Depuis l’encadrement de la porte, je la vois concentrée sur un dossier, inscrivant les dernières transmissions. Je toque à la porte ouverte du bureau, elle tourne vers moi un regard soulagé et satisfait. Probablement celui que j’aurai demain matin avec un café chaud.
C’est l’heure de la relève.
Toutes les sages-femmes qui ont travaillé un jour à l’hôpital, toutes les personnes qui ont fait des gardes, vous diront qu’il y a quelque chose de sacré dans ce face à face. Celui où tu prends le fardeau de ta collègue pour le mettre sur ton dos.
Dans mon école, les sages-femmes se mettaient dans leur bureau-couloir, portes fermées, attendant la dernière sage-femme du trinôme qui finissait de se changer.
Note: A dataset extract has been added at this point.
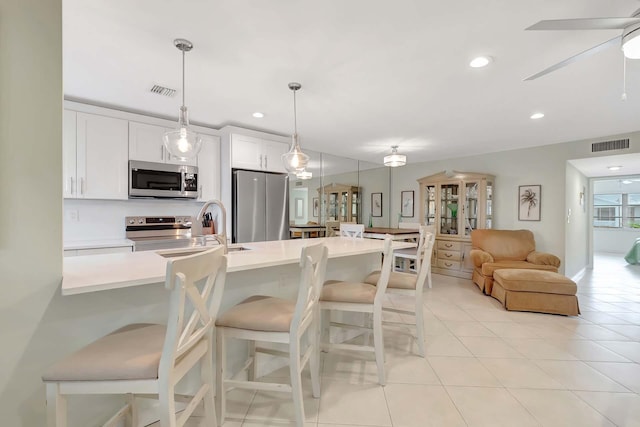 kitchen with decorative light fixtures, light countertops, appliances with stainless steel finishes, white cabinets, and a kitchen breakfast bar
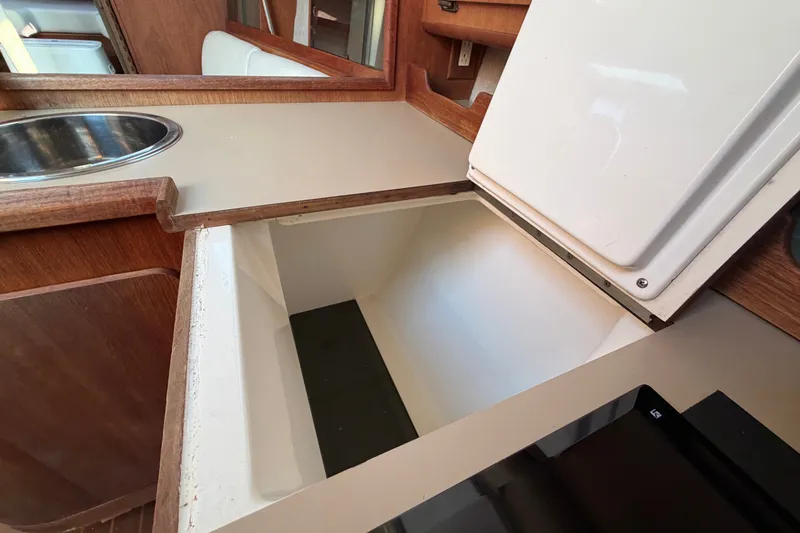 Slide: The Image of Interior of 1989 Hunter 30 sailboat galley with open storage compartment and sink. - 21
Il était entendu que l’étudiant sage-femme aurait dix à quinze minutes d’avance en tenue. Le contraire aurait été inconcevable, sauf en cas de cataclysme : volcan en éruption au milieu de Paris, guerre nucléaire, tempête du siècle, grande marée, grève RATP. Et encore « on s’organise en cas de grève, faut vraiment pas respecter les sages-femmes de garde pour arriver en retard ».
Puis elles déroulaient le tableau de garde à six, discutaient les dossiers, se les transmettaient de la main à la main. Puis les trois sages-femmes libres allaient se changer, et le temps reprenait son cours.
Chaque maternité où j’ai travaillé avait sa façon de faire.
Chaque sage-femme avait ses préférences.
C’est ce qui permet de traverser la pire des gardes : un jour elle s’arrêtera, une collègue prendra mon fardeau et partira avec.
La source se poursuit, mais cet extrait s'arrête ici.